A significant quality of the PTMD_Tiny
dialect is that it is designed to work easily for a single-pass parser, or at least a single-pass lexer; all the context that one needs to know for how to parse or lex any arbitrary substring of code is provided by prior code. Therefore, a PTMD_Tiny
parser can easily work on a streaming input like a file-handle where you can't go back earlier in the stream. Often this means a parser can work with little RAM.
Also the dialect is designed that any amount of whitespace can be added or omitted next to most non-alphanumeric characters (which happen to be next to alphanumeric tokens) without that affecting the meaning of the code at all, except obviously for within character string literals.

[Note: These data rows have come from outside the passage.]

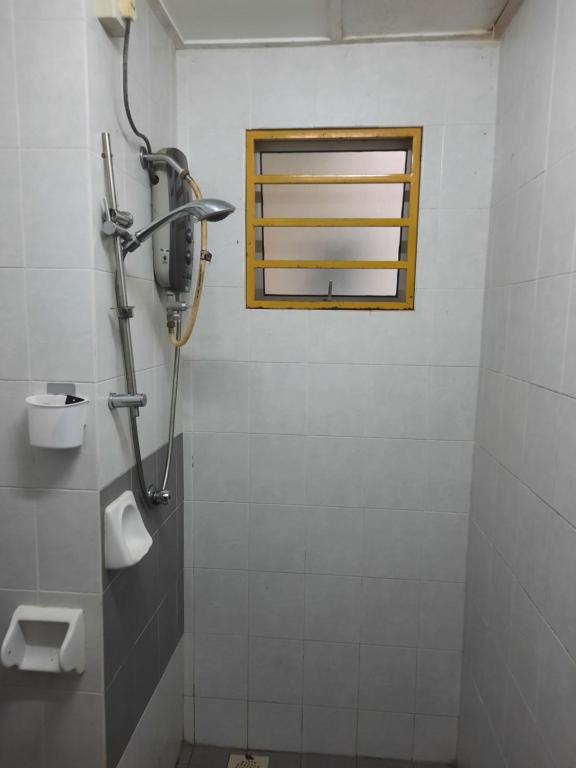 een badkamer met een douche en een raam bij Homestay cikgu in Kamunting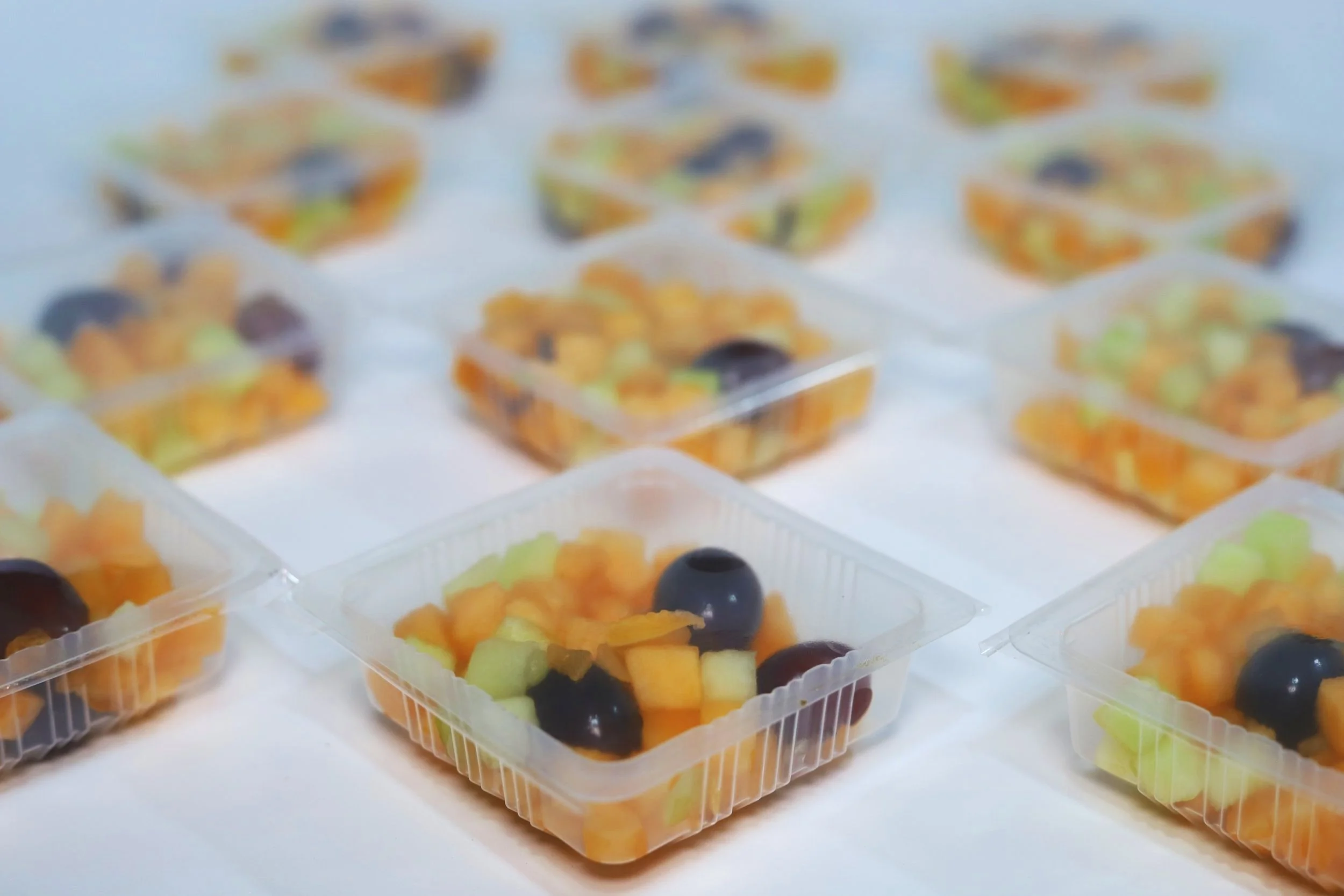 Clear plastic containers filled with cut-up fruit including grapes, melons, and other assorted fruits.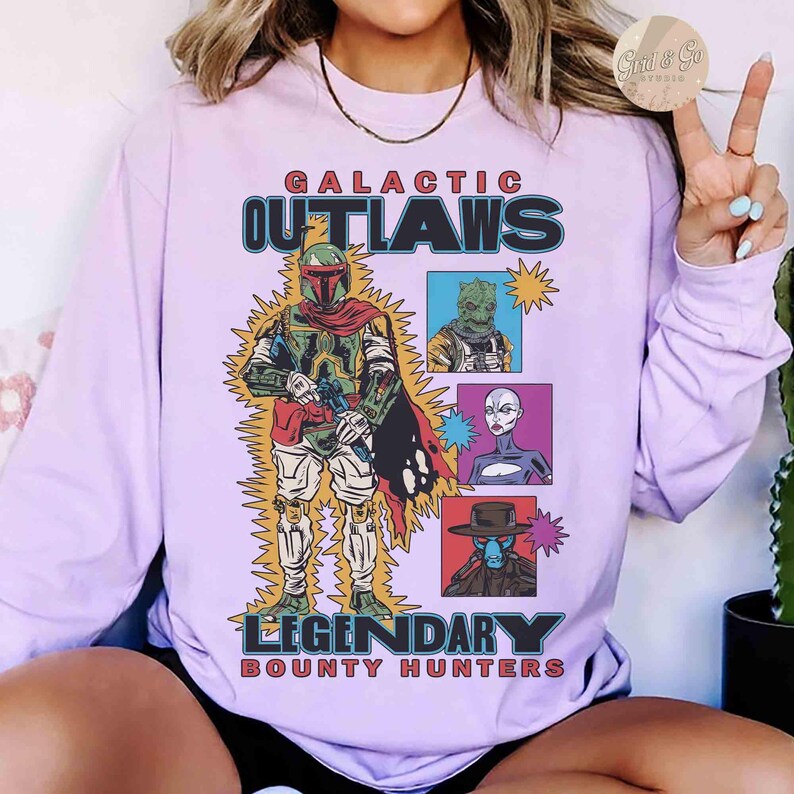 May include: A lilac long-sleeved top with a graphic of a bounty hunter and the text "GALACTIC OUTLAWS LEGENDARY BOUNTY HUNTERS". The graphic includes images of other characters in boxes.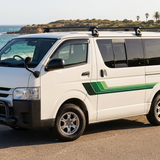 White HiAce with solid green stripes at a coastal lookout, front three-quarter view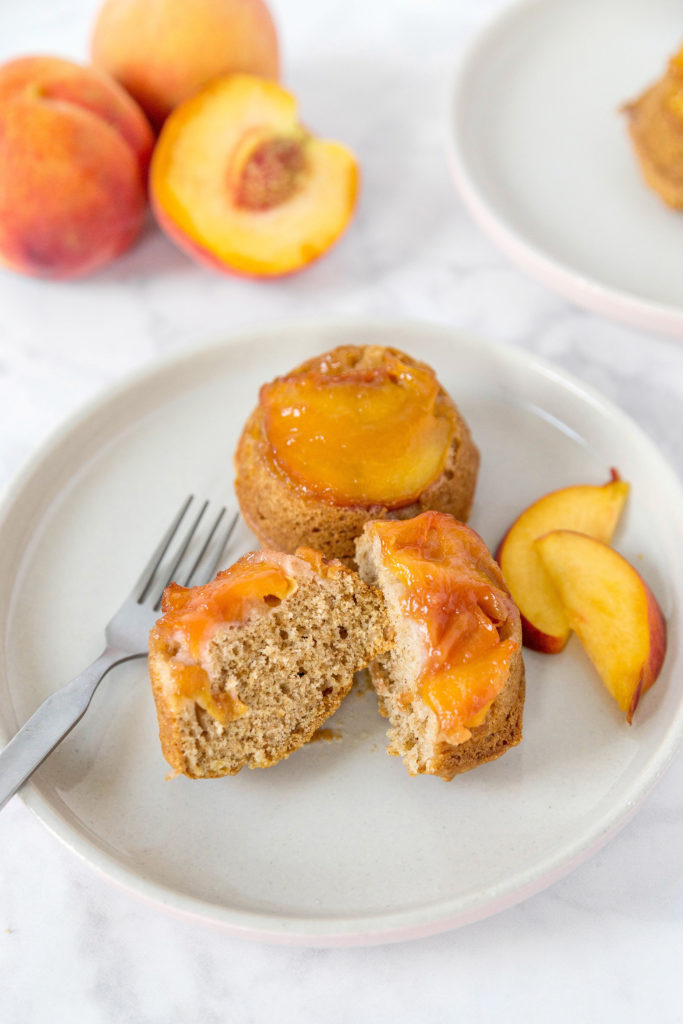 mini peach upside down cakes on a white plate, with one cake cut in half to show cross-section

And long binary or character strings can be split into arbitrary-size substrings, without affecting the meaning. And many elements are identified by name rather than ordinal position, so to some degree the order they appear has no effect on the meaning. So programmers can easily format (separate, indent, linewrap, order) code how they like, and making an automated code reformatter shouldn't be difficult. Often, named elements can also be omitted entirely for brevity, in which case the parser would use context to supply default values for those elements.
Given that plain text is (more or less) universally unambiguously portable between all general purpose languages that could be used to implement a DBMS, it is expected that every single Muldis D implementation will natively accept input in the PTMD_Tiny
dialect, which isn't dependent on any specific host language and should be easy enough to process, so it should be considered the safest official Muldis D dialect to write in by default, when you don't have a specific reason to use some other dialect.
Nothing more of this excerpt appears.